Staff from Queen Elizabeth Hospital, Kota Kinabalu, Sabah State Health Department and Clinical Research Centre (CRC), together with international collaborators have successfully conducted the first clinical trial ever on people with monkey malaria. Findings from the randomised control trial has shown that a key combination of antimalarial drugs works well in curing the infection. The study has just been published in the prestigious international journal, Lancet Infectious Diseases. The monkey parasite, an emerging infection called Plasmodium knowlesi, has become the most common cause of human malaria in Malaysia and is also found throughout Southeast Asia.
Funded by the Ministry of Health research grant, clinical researchers from the Ministry of Health Malaysia and the Darwin’s Menzies School of Health Research, worked in collaboration with a number of MOH hospital sites, community and local government stakeholders in Sabah, Malaysia to conduct this study.

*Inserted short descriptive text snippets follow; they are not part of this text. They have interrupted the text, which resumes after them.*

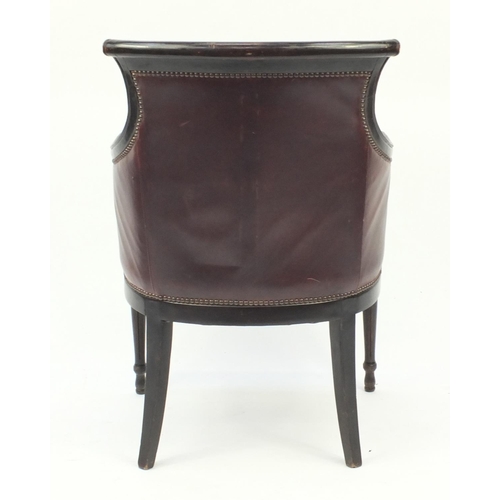 2005 - Mahogany and brown leather library chair on tapering legs, 91cm high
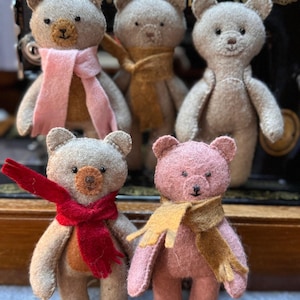 Op de afbeelding: Vijf handgemaakte vilten teddyberen in verschillende tinten grijs en roze. Elke beer heeft een kleine sjaal in kleuren als roze, rood en goud. De beren staan voor een vintage naaimachine.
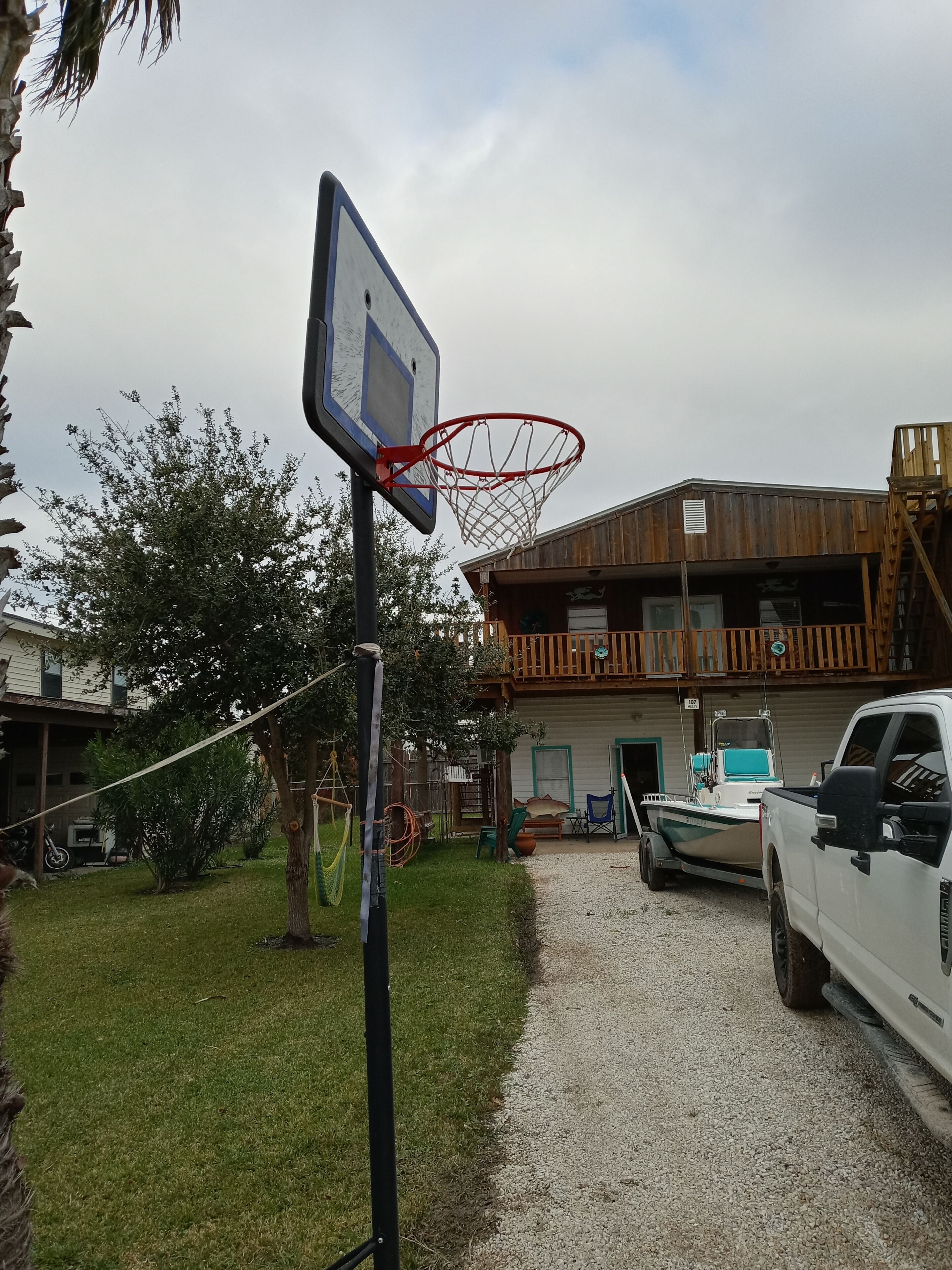 A basketball hoop in a backyard with a gravel path, a white truck, and a wooden building with a balcony.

While a number of different drugs have been used to treat this infection, this is the first randomised controlled trial to be conducted for uncomplicated knowlesi malaria to define the optimal treatment in both adults and children. This research led by Dr. Timothy William, the Principal Investigator for the project, Dr. Matthew Grigg, Prof. Nick Anstey and Dr. Yeo Tsin Wen compared an artemisinin-combination therapy (ACT) called artesunate-mefloquine against chloroquine to see how quickly they clear parasites in the blood. The results showed that while that both drugs were able to cure the infection, ACT was able to clear parasites and fever faster allowing earlier hospital discharge, and also reduced the risk of anaemia.
Dr Timothy William explained the importance of the study.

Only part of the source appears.